TwoMoonsDataset

Methods and Attributes

Bases: BaseSyntheticDataset

Generates the 'two moons' dataset.

Creates two interleaving half-circles with added Gaussian noise.

Parameters:

Name	Type	Description	Default
n_samples	int	Total number of samples. Default: 2000.	2000
noise	float	Standard deviation of Gaussian noise added. Default: 0.05.	0.05
device	Optional[Union[str, device]]	Device for the tensor.	None
dtype	dtype	Data type for the tensor. Default: torch.float32.	float32
seed	Optional[int]	Random seed for reproducibility.	None

Source code in torchebm/datasets/generators.py

class TwoMoonsDataset(BaseSyntheticDataset):
    """
    Generates the 'two moons' dataset.

    Creates two interleaving half-circles with added Gaussian noise.

    Args:
        n_samples (int): Total number of samples. Default: 2000.
        noise (float): Standard deviation of Gaussian noise added. Default: 0.05.
        device (Optional[Union[str, torch.device]]): Device for the tensor.
        dtype (torch.dtype): Data type for the tensor.
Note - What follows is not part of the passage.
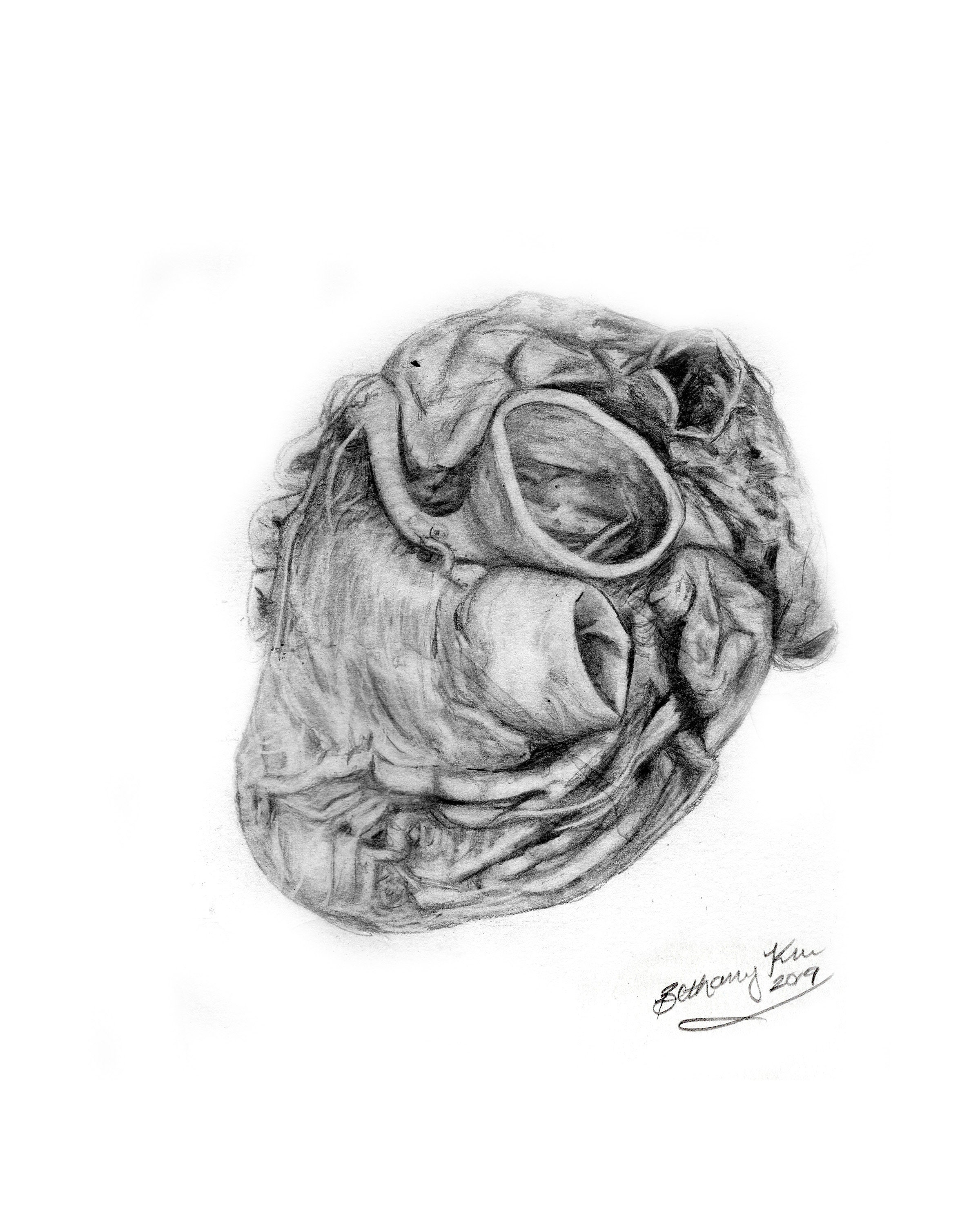 Pencil Drawing Human Heart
Default: torch.float32.
        seed (Optional[int]): Random seed for reproducibility.
    """

    def __init__(
        self,
        n_samples: int = 2000,
        noise: float = 0.05,
        device: Optional[Union[str, torch.device]] = None,
        dtype: torch.dtype = torch.float32,
        seed: Optional[int] = None,
    ):
        self.noise = noise
        super().__init__(n_samples=n_samples, device=device, dtype=dtype, seed=seed)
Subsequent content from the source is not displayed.